MGAs are much more than simply extensions of insurer distribution. Increasingly they function as specialist underwriting platforms, bringing deep, entrepreneurial class expertise, technology-enabled underwriting and access to diversified capacity sources including insurers, reinsurers and alternative capital providers.
This is particularly visible in specialty commercial lines and emerging risk classes such as cyber and climate-related exposures. In these areas, underwriting expertise and speed to market are critical, and MGAs are often better positioned than large carriers to respond quickly.
Seeking Out Specialist Partners
At the same time, insurers are becoming more deliberate about how they deploy underwriting resources. Rather than building internal capability across every niche class of business, many carriers are choosing to partner with specialist MGAs. As a result, MGAs are playing an increasingly strategic role in the underwriting value chain.
Alongside this growth, the MGA model itself is evolving. At its core, the sector is still driven by individual underwriting talent, where a recognised name and broker following can form the foundation of a new venture. For many brokers, it is the individual underwriter, rather than the brand, that builds trust and drives placement.
However, while that individual expertise remains the entry point, sustainable MGA businesses now require a broader institutional framework around it. The most successful platforms are those that can wrap strong underwriting talent with the infrastructure, governance, and scalability needed to support long-term growth.
This includes robust governance structures, strong regulatory oversight, embedded service capabilities and sophisticated data and technology infrastructure. Operational capability is critical. As MGAs scale, the ability to manage policy administration, claims, reporting and compliance efficiently becomes essential.
The MGA Ecosystem is Developing
Increasingly, MGAs are operating within coordinated support structures that provide the operational backbone needed to scale. This allows underwriting teams to focus on what they do best, developing specialist products and managing risk, while relying on integrated services for the surrounding operational complexity.
For capacity providers, this infrastructure is also becoming a key factor in determining which platforms are able to grow sustainably in the next phase of market maturity.
Looking ahead to the rest of 2026 and beyond, growth in the US MGA market is likely to be defined not only the number of MGAs entering the market but also by the quality of the platforms supporting them. Three structural trends are already shaping this next stage.
The first is the continued institutionalisation of MGA platforms themselves. Successful MGAs are integrating underwriting expertise with claims management, regulatory frameworks and digital operating models that allow them to scale efficiently across multiple lines and territories.
The second trend is greater bifurcation within the market. The sector is increasingly separating into true specialist underwriting leaders on one side and efficient capacity-following models on the other. The middle ground, where platforms duplicate costs without establishing clear underwriting leadership, will face increasing pressure.

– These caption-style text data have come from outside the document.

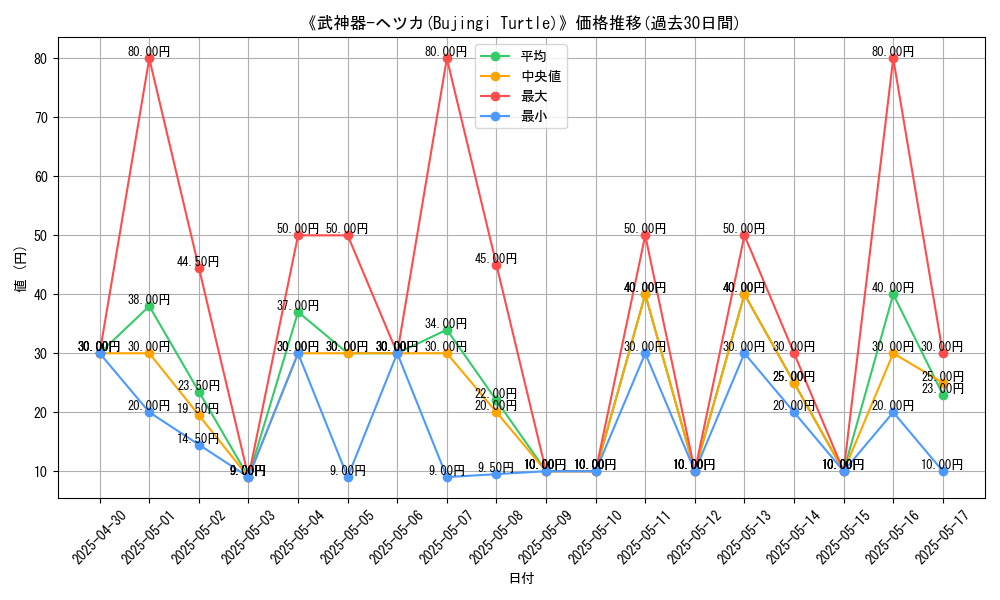 graph_card_107032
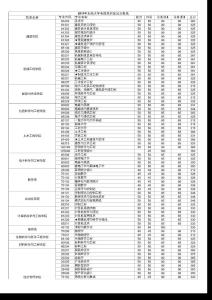 -東南大學(xué)2005年__2011年研究生各專業(yè)復(fù)試分?jǐn)?shù)線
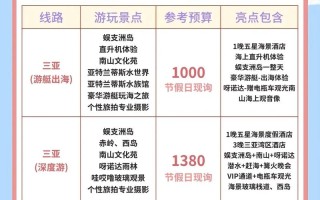 海南双飞6日游费用 - 海南6日游双飞跟团游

The third trend is deeper capital partnerships. Insurers and reinsurers are becoming more strategic about how they allocate capacity, prioritising platforms with strong governance, claims oversight and transparent reporting.
Reshaping How Underwriting Expertise is Organised
What we are seeing in the US is a gradual reorganisation of how underwriting expertise sits within the insurance market.
Carriers continue to provide the capital and balance sheet strength that underpin the industry. MGAs, meanwhile, are increasingly acting as specialist underwriting hubs – bringing deep class knowledge, speed to market and the ability to develop products around emerging risks. By combining underwriting talent with strong governance, operational capability and close alignment with their capacity partners, MGAs are harnessing the ecosystem around them to improve the strength of their underwriting proposition, improve their scalability and, ultimately, their valuation.
Over time, this is creating something more coordinated than the traditional delegated authority model. Underwriting expertise, operational infrastructure and capital support are becoming more tightly integrated, and more highly valued by the wider industry.
That shift is quietly redefining how insurance capacity is deployed – and it is likely to shape the next phase of MGA growth in the United States.